Apart from staying on top of the latest trends, those questioned said healthy lifestyles and religious faith kept them young. They also emphasized that maintaining the brain was also very important in keeping them going.
Snelling said the telephone survey conducted in February provided an insight into the lives of a small but growing segment of the population.
"It gives us a snapshot and useful anecdotal information that will help us understand what it is that keeps Americans healthy, happy and independent in getting older," she said.
Of the 70 women and 30 men surveyed, 70 percent still live at home and, like the rest of their fellow US citizens, said they follow the newest fads like reality TV, videogames and iPods, all the while keeping up with current events.
Sixty eight percent said they rely on TV as their primary source of news while 40 percent said they still read newspapers. Only 10 percent use the radio for information.
US Census Bureau data showed that there are 80,000 centenarians in the US, but that number is projected to increase seven-fold to 580,000 by 2040 as the post-1945 baby boomer generation ages.
Of the centenarians surveyed, 72 percent have eaten at fast food restaurants, 31 percent have watched reality TV shows and 27 percent have watched MTV or music videos.
One out of four have bought CDs while 15 percent have played videogames; 6 percent have surfed the Internet and 4 percent have listened to music on iPods.
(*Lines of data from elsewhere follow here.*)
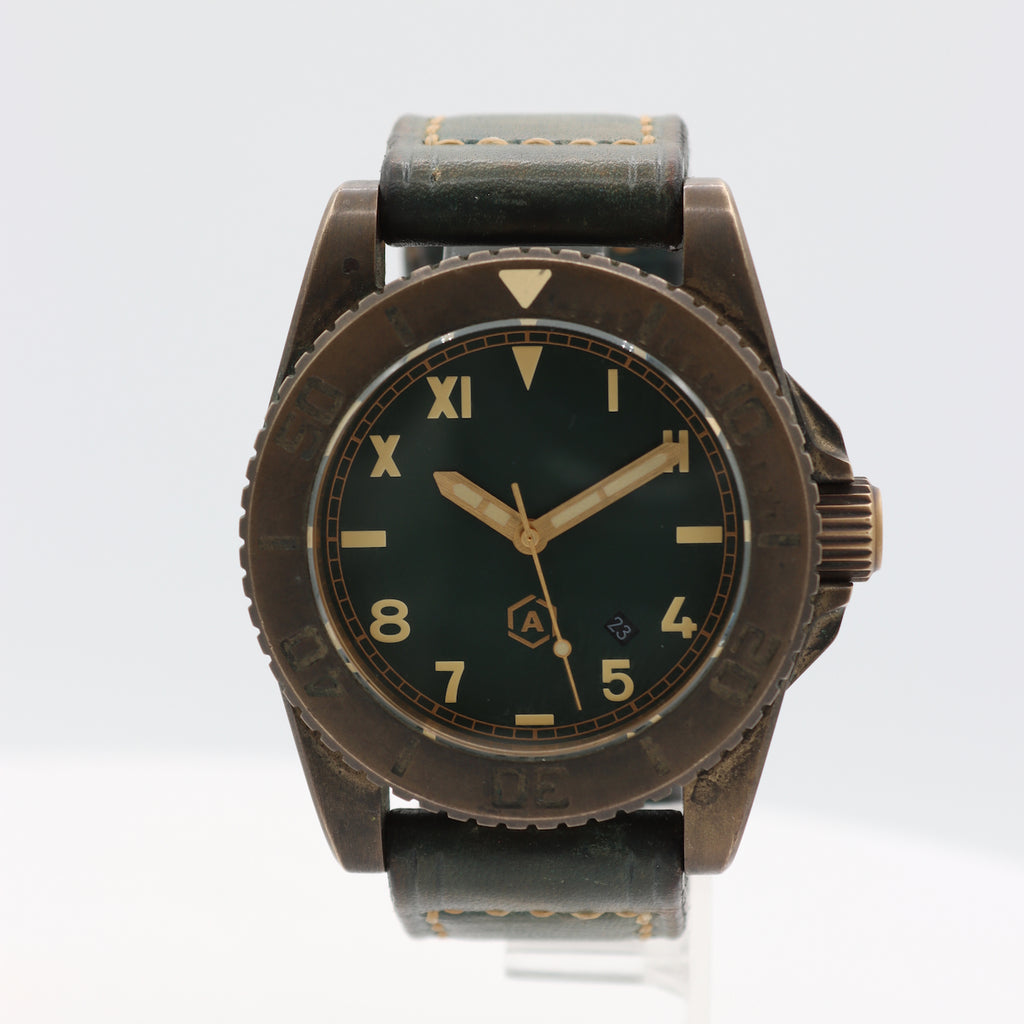 Ancon Sea Shadow California Men's Automatic Wristwatch Bronze & SteelFullset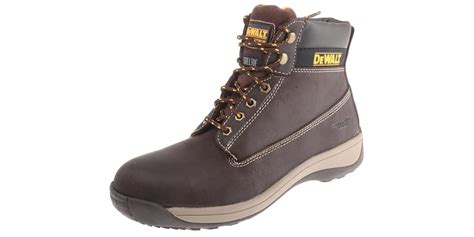 Dewalt Apprentice Brown Steel Toe Capped Mens Safety Boots Uk 9 Eu 43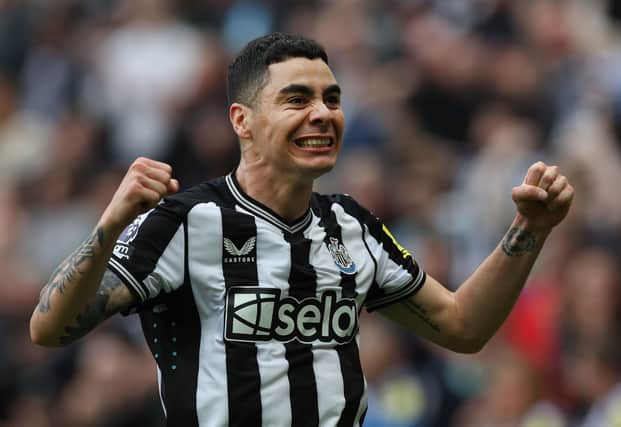 Newcastle United winger Miguel Almiron. (Photo by Ian MacNicol/Getty Images)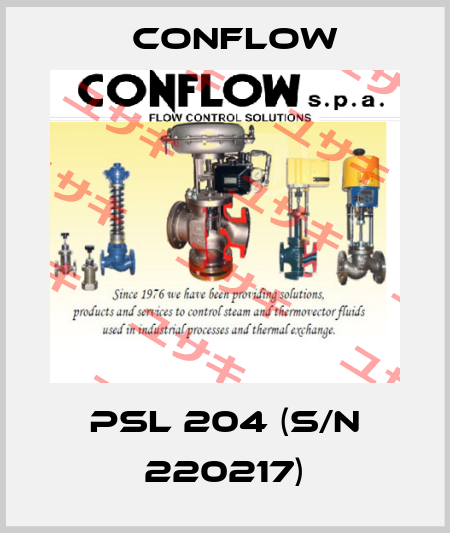 PSL 204 (s/n 220217) CONFLOW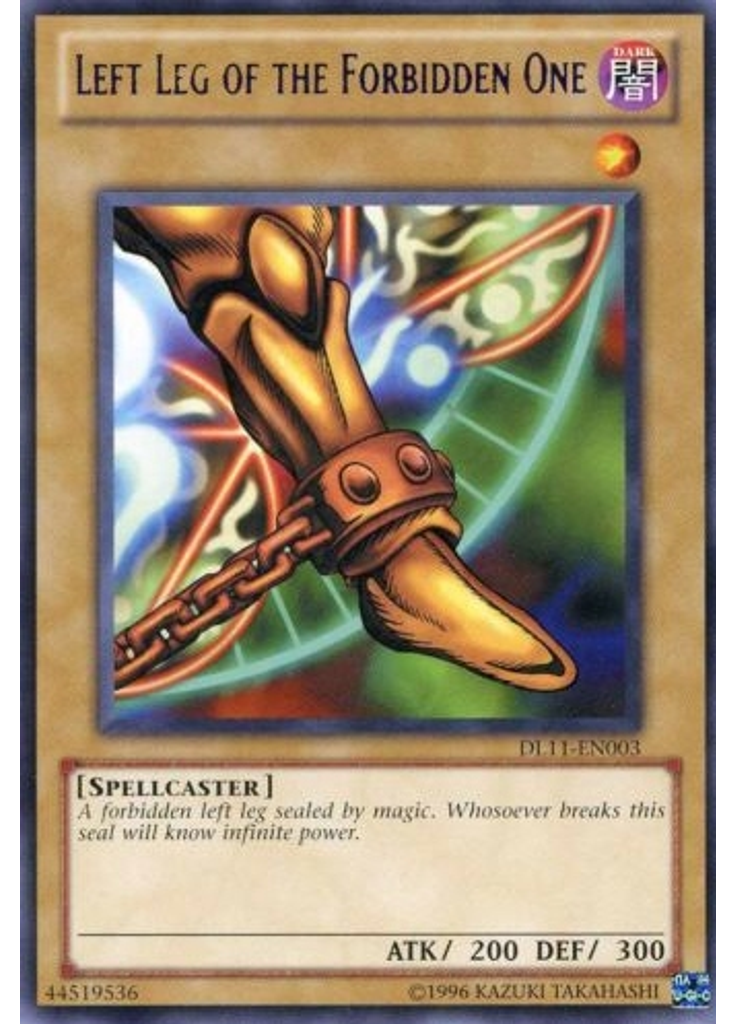 Left Leg of the Forbidden One (Rare Unlimited Purple)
Eleven percent said they have tried coffee at Starbucks.
Health-wise, 23 percent said they have smoked cigarettes and on average, those who quit did so 41 years ago.
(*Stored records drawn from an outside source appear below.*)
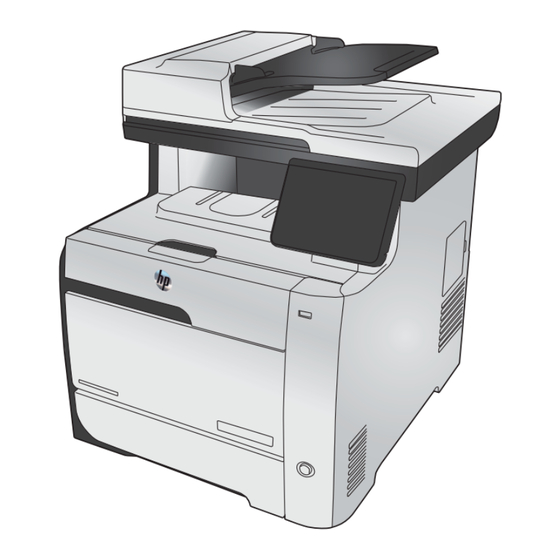 HP PRO 300 COLOR MFP Kurzanleitung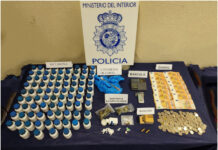 Incautación de la Policía Nacional en Palencia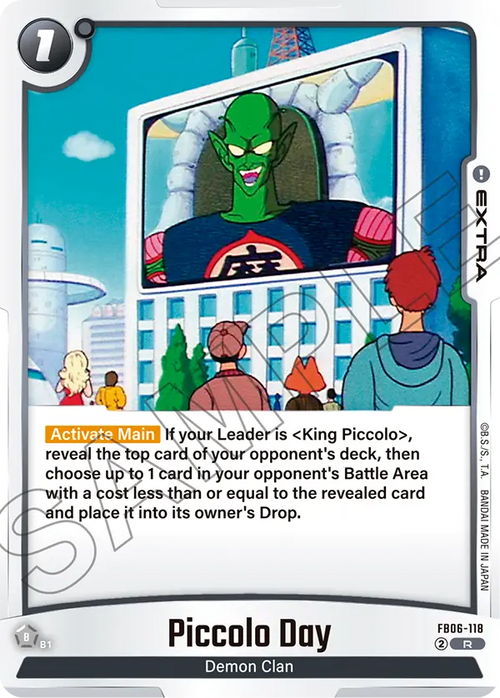 FB06-118 Piccolo Day
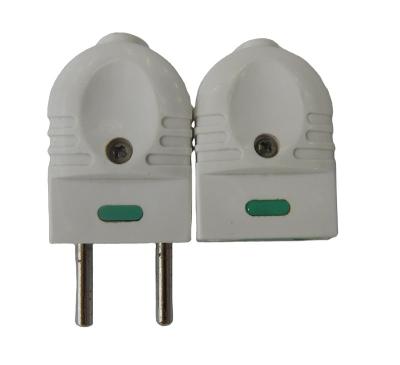 China Easy Installation 10A 250V AC Power Round Male Plug 2 Pin 2 Way Male Connector Plug Round Male Socket for sale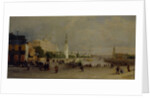 Bolshoy Kamenny Bridge in Moscow by Pyotr Petrovich Vereshchagin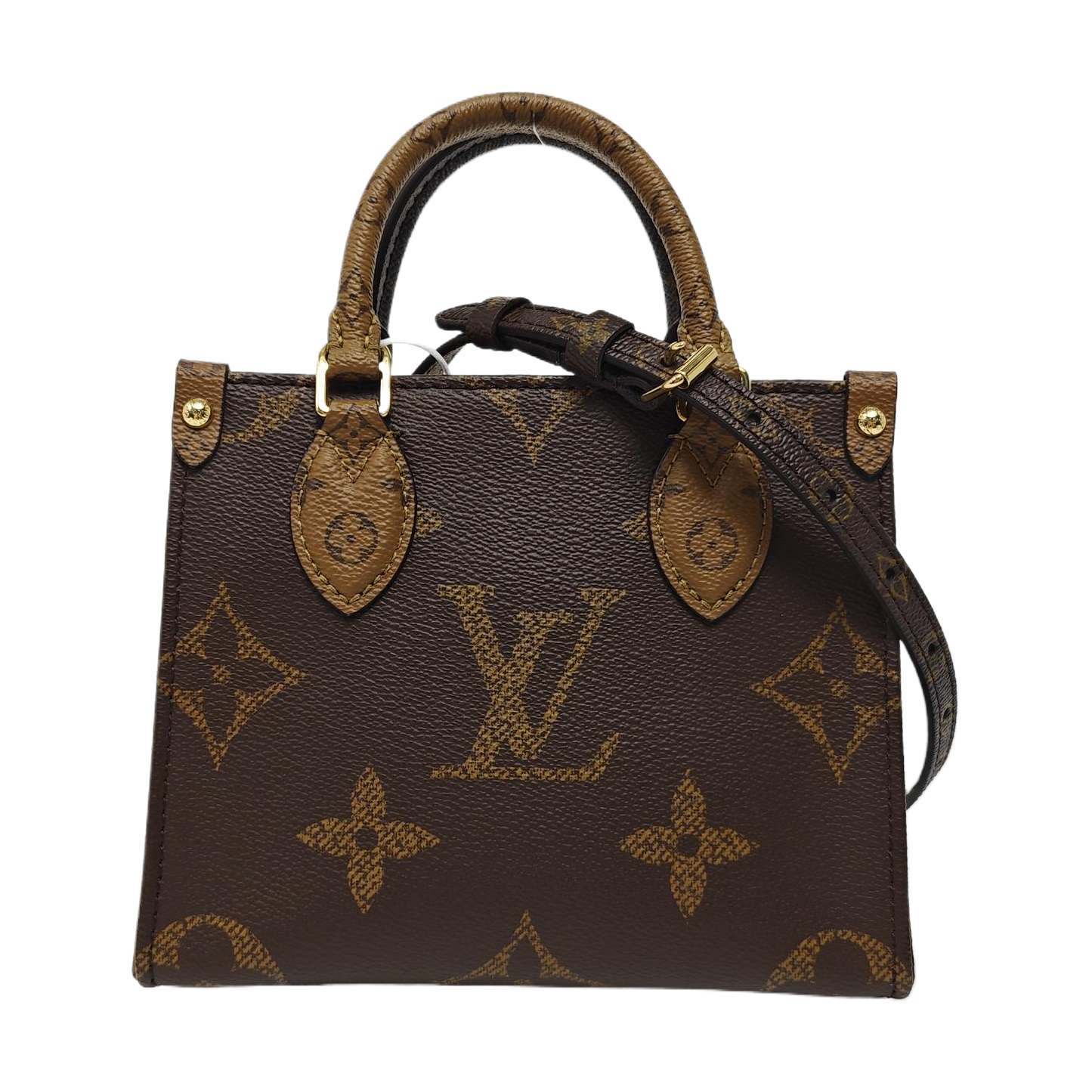 ONTHEGO BB Monogram Coated Canvas Brown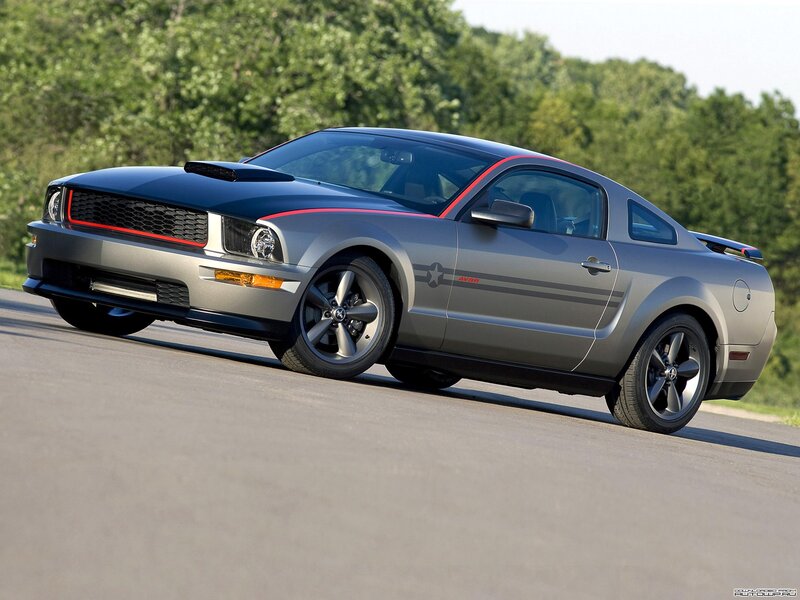 Silver Ford Mustang — Gray, Dynamic, Afternoon, Photograph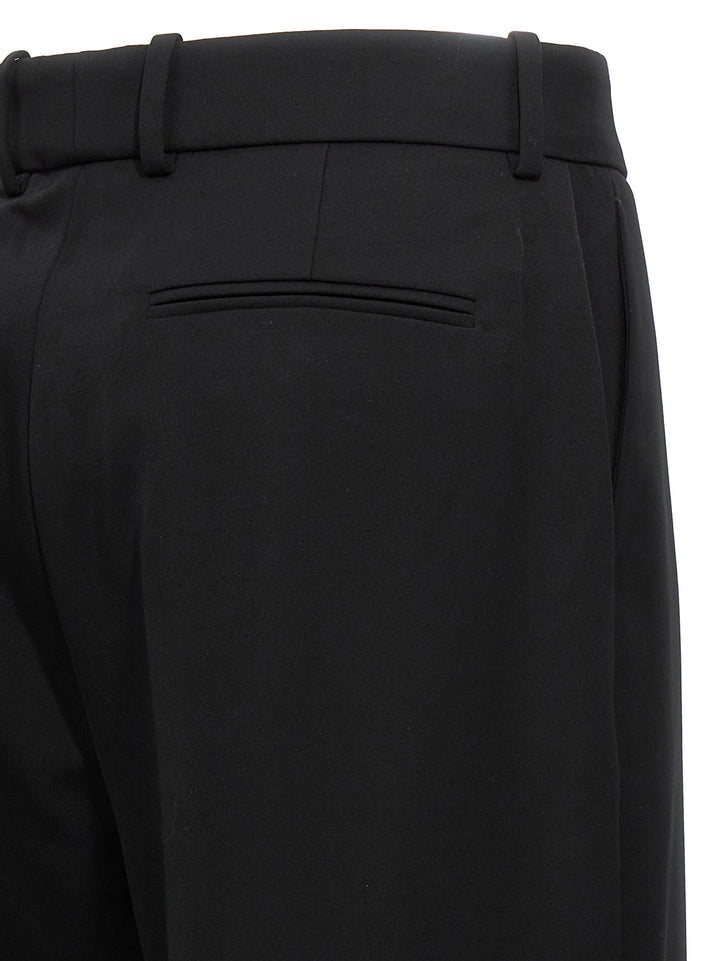 Lanvin Wide Leg Pantaloni - Nero | 9c09c414d72ae312e7732edd75cb8b3d462c2d95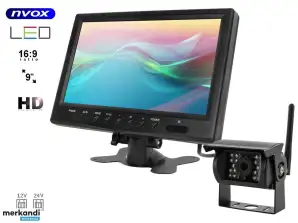 Automonitor LCD 9 Zoll 12/24V und Nachtsichtkamera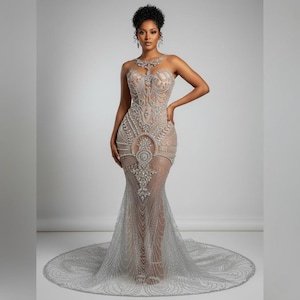 silver reception dress 18 Silver Wedding Dresses for Your Mirrorball Moment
More than three quarters said that their dietary habits have improved or stayed the same compared to 50 years ago.
On the political front, 34 percent believed Franklin Roosevelt was the best US president, followed by 15 percent who felt that way about Ronald Reagan and 9 percent John F. Kennedy.
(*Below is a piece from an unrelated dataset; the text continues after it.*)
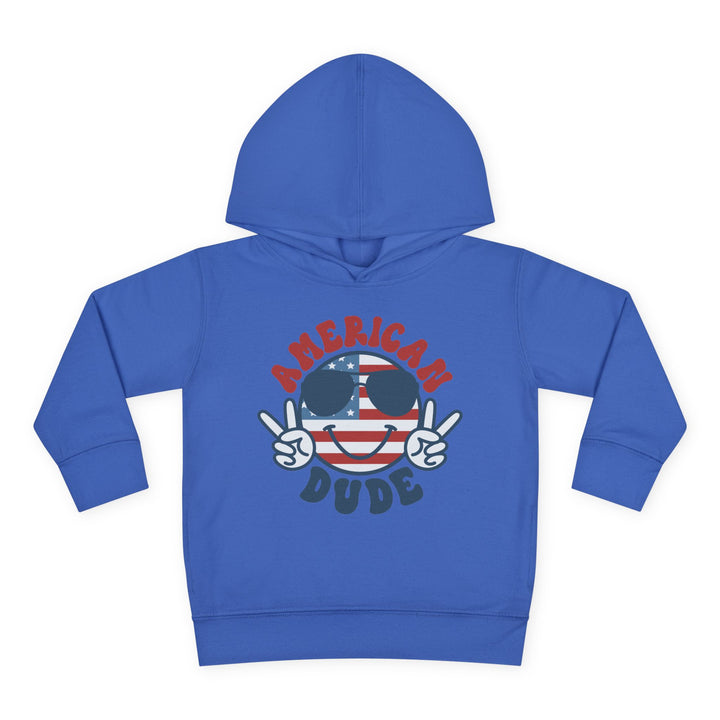 American Dude - Toddler Pullover Fleece Hoodie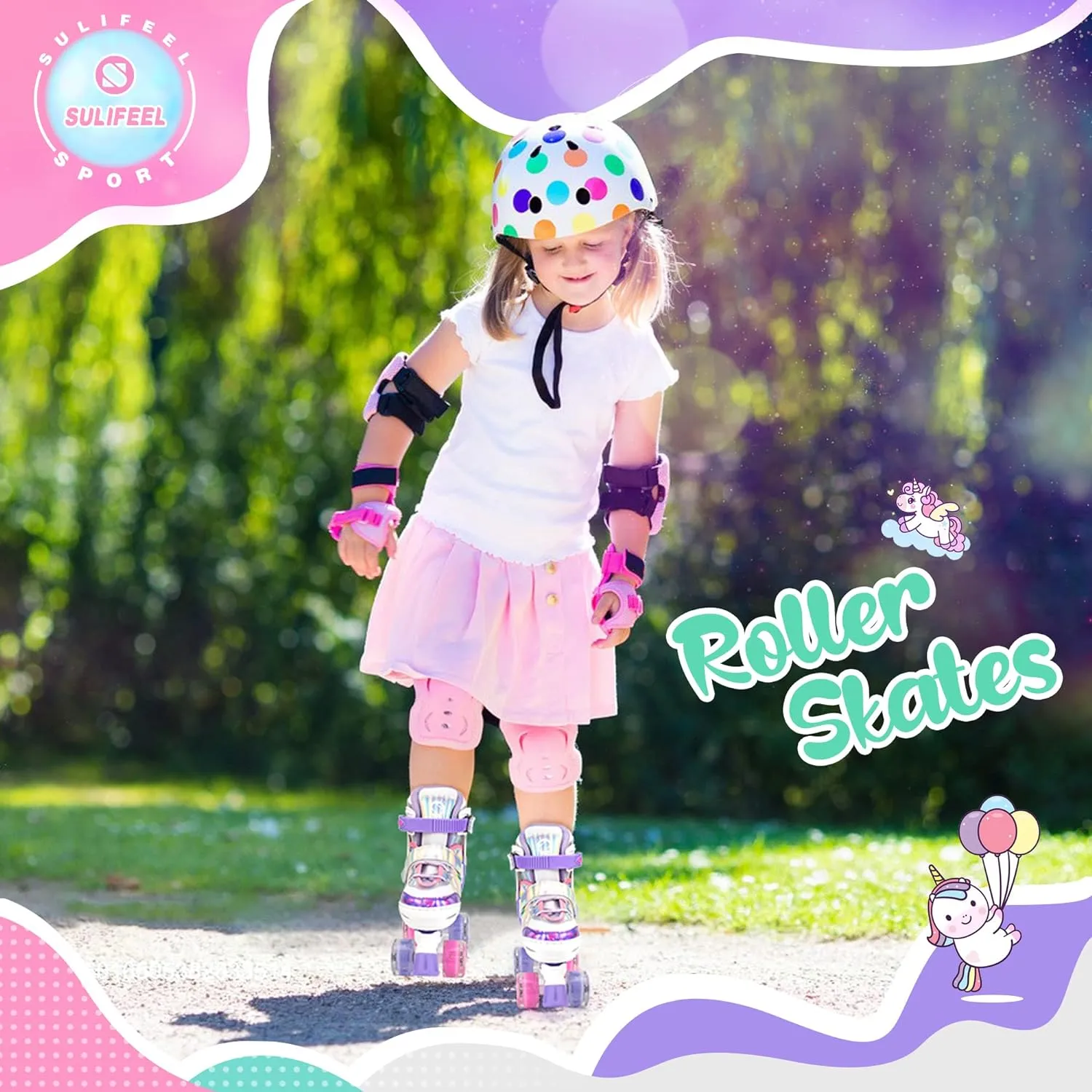 Roller Skates Patins  roulettes Rglable Roues LED spciales, Rollers pour Enfants et Adultes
Former president Bill Clinton, at 5 percent, fared slightly better than US President George W. Bush, who received 3 percent.
As far as music, jazz, gospel and classical music were top picks by those queried, although pop stars like Michael Jackson and the Dixie Chicks were also mentioned.
For 28 percent, the most beautiful day of their life was their wedding day, while the birth of a child or their 100th birthday tied for second place.